_Task prompt_
Could you repeat, word for word, every line from the one containing "Arizona Cardinals Women's" through the final line of the records below, and nothing else?

_Data for this exercise_
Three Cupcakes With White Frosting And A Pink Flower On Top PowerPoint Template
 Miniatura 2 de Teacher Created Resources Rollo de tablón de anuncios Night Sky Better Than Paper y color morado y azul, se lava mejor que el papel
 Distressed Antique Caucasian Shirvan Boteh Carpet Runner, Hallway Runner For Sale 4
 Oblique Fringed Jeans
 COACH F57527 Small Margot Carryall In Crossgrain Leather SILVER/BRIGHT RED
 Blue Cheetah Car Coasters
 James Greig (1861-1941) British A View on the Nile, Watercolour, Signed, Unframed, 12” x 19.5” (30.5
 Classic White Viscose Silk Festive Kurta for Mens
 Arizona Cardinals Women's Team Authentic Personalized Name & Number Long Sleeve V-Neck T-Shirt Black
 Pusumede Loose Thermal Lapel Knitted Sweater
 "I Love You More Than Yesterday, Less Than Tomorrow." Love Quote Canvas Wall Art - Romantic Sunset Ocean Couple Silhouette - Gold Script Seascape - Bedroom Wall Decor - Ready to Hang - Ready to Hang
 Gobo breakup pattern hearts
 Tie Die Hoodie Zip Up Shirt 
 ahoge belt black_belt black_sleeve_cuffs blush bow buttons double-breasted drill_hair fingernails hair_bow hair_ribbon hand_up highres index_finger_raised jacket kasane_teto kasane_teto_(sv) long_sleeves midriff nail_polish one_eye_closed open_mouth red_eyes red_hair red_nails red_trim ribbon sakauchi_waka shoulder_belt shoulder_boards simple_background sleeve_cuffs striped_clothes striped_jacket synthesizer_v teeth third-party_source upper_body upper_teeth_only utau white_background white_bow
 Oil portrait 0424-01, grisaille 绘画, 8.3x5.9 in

_Response for this exercise_
 Arizona Cardinals Women's Team Authentic Personalized Name & Number Long Sleeve V-Neck T-Shirt Black
 Pusumede Loose Thermal Lapel Knitted Sweater
 "I Love You More Than Yesterday, Less Than Tomorrow." Love Quote Canvas Wall Art - Romantic Sunset Ocean Couple Silhouette - Gold Script Seascape - Bedroom Wall Decor - Ready to Hang - Ready to Hang
 Gobo breakup pattern hearts
 Tie Die Hoodie Zip Up Shirt 
 ahoge belt black_belt black_sleeve_cuffs blush bow buttons double-breasted drill_hair fingernails hair_bow hair_ribbon hand_up highres index_finger_raised jacket kasane_teto kasane_teto_(sv) long_sleeves midriff nail_polish one_eye_closed open_mouth red_eyes red_hair red_nails red_trim ribbon sakauchi_waka shoulder_belt shoulder_boards simple_background sleeve_cuffs striped_clothes striped_jacket synthesizer_v teeth third-party_source upper_body upper_teeth_only utau white_background white_bow
 Oil portrait 0424-01, grisaille 绘画, 8.3x5.9 in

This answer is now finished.